Cyclical Timing of InterruptA

Cyclical Timing of InterruptA
InterruptA Trigger Count	Servo Output	New Output Setting	Time (msec)	`OCR1A` setting (mcu cycles)
1	1	high	0	0x10^-3 * 16x10⁶ mod 2¹⁶ = 0
2	low	0 + servo #1 pulse width	(depends on pulse width - somewhere between 1 and 39,999)
3	2	high	2.5	2.5x10^-3 * 16x10⁶ mod 2¹⁶ = 40,000
4	low	2.5 + servo #2 pulse width	(depends on pulse width - somewhere between 40,001 and 65,535, or between 0 and 14,463)
5	3	high	5	5x10^-3 * 16x10⁶ mod 2¹⁶ = 14,464
6	low	5 + servo #3 pulse width	(depends on pulse width - somewhere between 14,465 and 54,463)
...	...	...	...	...
15	8	high	17.5	17.5x10^-3 * 16x10⁶ mod 2¹⁶ = 17,856
16	low	17.5 + servo #8 pulse width	(depends on pulse width - somewhere between 17,867 and 57,855)
17	1	high	20	20x10^-3 * 16x10⁶ mod 2¹⁶ = 57,856
18	low	20 + servo #1 pulse width	(depends on pulse width - somewhere between 57,857 and 65,535, or between 0 and 32,319)
19	2	high	22.5	22.5x10^-3 * 16x10⁶ mod 2¹⁶ = 32,320
20	low	22.5 + servo #2 pulse width	(depends on pulse width - somewhere between 32,321 and 65,535, or between 0 and 6,783)
21	3	high	25	25x10^-3 * 16x10⁶ mod 2¹⁶ = 6,784
22	low	25 + servo #3 pulse width	(depends on pulse width - somewhere between 6,785 and 46,783)
...	...	...	...	...

One thing which may be surprising is that when we finish processing all 8 servos the first time, and then come back around to servo #1, the correct OCR1A setting is not 0 like it was the first time. (It's 57,856.)
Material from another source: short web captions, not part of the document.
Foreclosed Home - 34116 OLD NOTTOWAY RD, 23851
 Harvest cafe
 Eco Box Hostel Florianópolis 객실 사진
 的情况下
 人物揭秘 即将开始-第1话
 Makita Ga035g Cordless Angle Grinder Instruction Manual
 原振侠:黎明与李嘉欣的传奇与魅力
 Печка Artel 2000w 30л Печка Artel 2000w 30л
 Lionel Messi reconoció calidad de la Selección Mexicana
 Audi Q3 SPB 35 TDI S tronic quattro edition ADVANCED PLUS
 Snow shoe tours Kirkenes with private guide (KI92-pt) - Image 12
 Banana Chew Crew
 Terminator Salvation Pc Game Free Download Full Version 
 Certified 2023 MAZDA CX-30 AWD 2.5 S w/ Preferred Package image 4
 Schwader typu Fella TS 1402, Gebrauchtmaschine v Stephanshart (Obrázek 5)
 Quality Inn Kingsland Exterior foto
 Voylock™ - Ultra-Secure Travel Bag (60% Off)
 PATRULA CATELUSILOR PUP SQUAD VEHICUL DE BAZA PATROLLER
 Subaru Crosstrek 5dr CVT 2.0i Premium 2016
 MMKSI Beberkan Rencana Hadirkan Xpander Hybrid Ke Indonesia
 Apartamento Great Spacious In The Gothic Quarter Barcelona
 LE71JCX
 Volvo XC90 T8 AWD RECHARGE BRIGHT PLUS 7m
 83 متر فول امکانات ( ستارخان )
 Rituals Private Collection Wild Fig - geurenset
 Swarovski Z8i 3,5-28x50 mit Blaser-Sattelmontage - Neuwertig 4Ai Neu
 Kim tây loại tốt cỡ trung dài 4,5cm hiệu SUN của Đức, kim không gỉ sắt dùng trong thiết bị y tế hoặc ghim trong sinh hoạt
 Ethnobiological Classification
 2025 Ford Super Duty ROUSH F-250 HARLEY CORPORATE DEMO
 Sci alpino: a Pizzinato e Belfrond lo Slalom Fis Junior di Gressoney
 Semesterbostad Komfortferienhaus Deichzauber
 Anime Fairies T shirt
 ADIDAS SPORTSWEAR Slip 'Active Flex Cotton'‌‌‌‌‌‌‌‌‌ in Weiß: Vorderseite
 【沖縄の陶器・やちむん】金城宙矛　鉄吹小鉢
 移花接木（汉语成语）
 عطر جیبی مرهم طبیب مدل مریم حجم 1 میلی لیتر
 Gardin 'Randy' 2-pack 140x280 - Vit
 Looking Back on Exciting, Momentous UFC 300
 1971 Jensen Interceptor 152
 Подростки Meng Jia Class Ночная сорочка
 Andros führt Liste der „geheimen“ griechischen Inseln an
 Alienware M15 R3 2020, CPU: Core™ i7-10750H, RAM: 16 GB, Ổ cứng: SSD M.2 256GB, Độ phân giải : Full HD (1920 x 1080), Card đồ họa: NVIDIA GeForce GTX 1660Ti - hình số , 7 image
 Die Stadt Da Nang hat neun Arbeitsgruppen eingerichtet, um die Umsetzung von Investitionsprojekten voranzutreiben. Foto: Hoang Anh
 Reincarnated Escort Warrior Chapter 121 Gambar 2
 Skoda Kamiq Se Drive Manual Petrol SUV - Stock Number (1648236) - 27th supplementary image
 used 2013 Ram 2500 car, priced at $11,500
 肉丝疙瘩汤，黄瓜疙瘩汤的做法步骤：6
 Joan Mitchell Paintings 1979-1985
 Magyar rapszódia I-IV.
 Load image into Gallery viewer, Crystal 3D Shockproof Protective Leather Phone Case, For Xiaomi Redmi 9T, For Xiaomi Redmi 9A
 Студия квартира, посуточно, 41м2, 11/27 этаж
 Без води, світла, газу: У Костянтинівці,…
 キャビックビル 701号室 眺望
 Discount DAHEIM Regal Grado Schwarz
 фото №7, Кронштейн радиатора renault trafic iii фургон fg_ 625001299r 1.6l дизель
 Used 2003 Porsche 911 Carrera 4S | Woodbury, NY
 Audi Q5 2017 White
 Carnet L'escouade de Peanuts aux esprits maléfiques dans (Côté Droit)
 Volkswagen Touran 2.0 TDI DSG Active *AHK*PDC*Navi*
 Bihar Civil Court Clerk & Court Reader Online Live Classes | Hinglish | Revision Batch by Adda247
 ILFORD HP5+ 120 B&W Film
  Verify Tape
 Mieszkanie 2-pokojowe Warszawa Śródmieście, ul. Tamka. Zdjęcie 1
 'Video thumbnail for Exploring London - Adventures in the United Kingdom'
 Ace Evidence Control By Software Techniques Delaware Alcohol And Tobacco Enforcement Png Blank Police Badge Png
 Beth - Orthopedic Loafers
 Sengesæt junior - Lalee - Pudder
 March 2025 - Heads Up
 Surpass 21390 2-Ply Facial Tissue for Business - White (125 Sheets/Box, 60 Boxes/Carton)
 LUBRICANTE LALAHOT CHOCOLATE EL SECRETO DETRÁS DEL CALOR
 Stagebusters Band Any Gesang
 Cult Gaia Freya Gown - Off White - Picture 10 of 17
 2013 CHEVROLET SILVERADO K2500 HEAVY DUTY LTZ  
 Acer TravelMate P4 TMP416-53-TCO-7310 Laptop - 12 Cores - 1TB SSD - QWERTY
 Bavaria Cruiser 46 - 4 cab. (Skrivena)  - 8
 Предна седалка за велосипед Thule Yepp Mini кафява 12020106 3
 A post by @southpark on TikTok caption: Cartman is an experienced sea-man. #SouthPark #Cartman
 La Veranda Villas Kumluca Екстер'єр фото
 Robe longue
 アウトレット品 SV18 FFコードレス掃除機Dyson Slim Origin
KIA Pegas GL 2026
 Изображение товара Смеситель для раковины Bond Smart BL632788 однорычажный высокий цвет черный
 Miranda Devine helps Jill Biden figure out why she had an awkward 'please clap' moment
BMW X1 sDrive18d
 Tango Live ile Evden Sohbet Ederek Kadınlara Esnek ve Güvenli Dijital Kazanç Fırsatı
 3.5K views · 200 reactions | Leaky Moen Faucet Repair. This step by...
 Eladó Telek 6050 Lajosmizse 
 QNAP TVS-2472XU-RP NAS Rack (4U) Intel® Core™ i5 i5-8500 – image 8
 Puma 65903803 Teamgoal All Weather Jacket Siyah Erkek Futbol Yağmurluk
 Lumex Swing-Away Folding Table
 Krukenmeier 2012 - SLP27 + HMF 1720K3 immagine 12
So what exactly does everything in that table mean? It means this:

At the start of time we set OCR1A to 0 (and do all of the other configuration required to set up and enable Timer1 and InterruptA).
At some point in time (arbitrarily call that time "0"), Timer1 reaches 0 and InterruptA is triggered.
- InterruptA sets servo output #1 to high.
- InterruptA then places a new value in OCR1A, for example if the pulse width for servo #1 is 1 msec it sets OCR1A to (0+1)x10^-3 seconds * 16x10⁶ cycles/second = 16,000.
At 1 msec Timer1 reaches 16,000 and InterruptA is triggered.
- InterruptA sets servo output #1 to low.
- InterruptA then places the next value in OCR1A, this time 40,000.
At 2.5 msec Timer1 reaches 40,000 and InterruptA is triggered.
- InterruptA sets servo output #2 to high.
- InterruptA then places a new value in OCR1A, for example if the pulse width for servo #2 is 1 msec it sets OCR1A to (2.5 + 1)x10^-3 seconds * 16x10⁶ cycles/second = 56,000.
At 3.5 msec Timer1 reaches 56,000 and InterruptA is triggered.
- InterruptA sets servo output #2 to low.
- InterruptA then places the next value in OCR1A, this time 14,464.
(At 4.096 msec Timer1 wraps around from 2¹⁶-1 to 0.)
At 5 msec Timer1 reaches 14,464 and InterruptA is triggered.

...and so forth.

Implementation

First things first. ATmega chips use a fixed-address jump vector for all of their interrupts. There's not enough room there to do much of anything, so you generally need to drop some type of branch statement there instead. rjmp has enough range for my purposes and is faster than a jmp:

   rjmp cma_interrupt ; timer/counter1 compare match A (InterruptA)
   nop
   rjmp cmb_interrupt ; timer/counter1 compare match B (InterruptB)
   nop

That was the easy part. Now, before getting started with any of the actual interrupt code, there are a whole series of tricks needed. (Actually they are not needed. But they make the interrupts fairly fast and accurate, and using them makes everyone think you're cool. Really!)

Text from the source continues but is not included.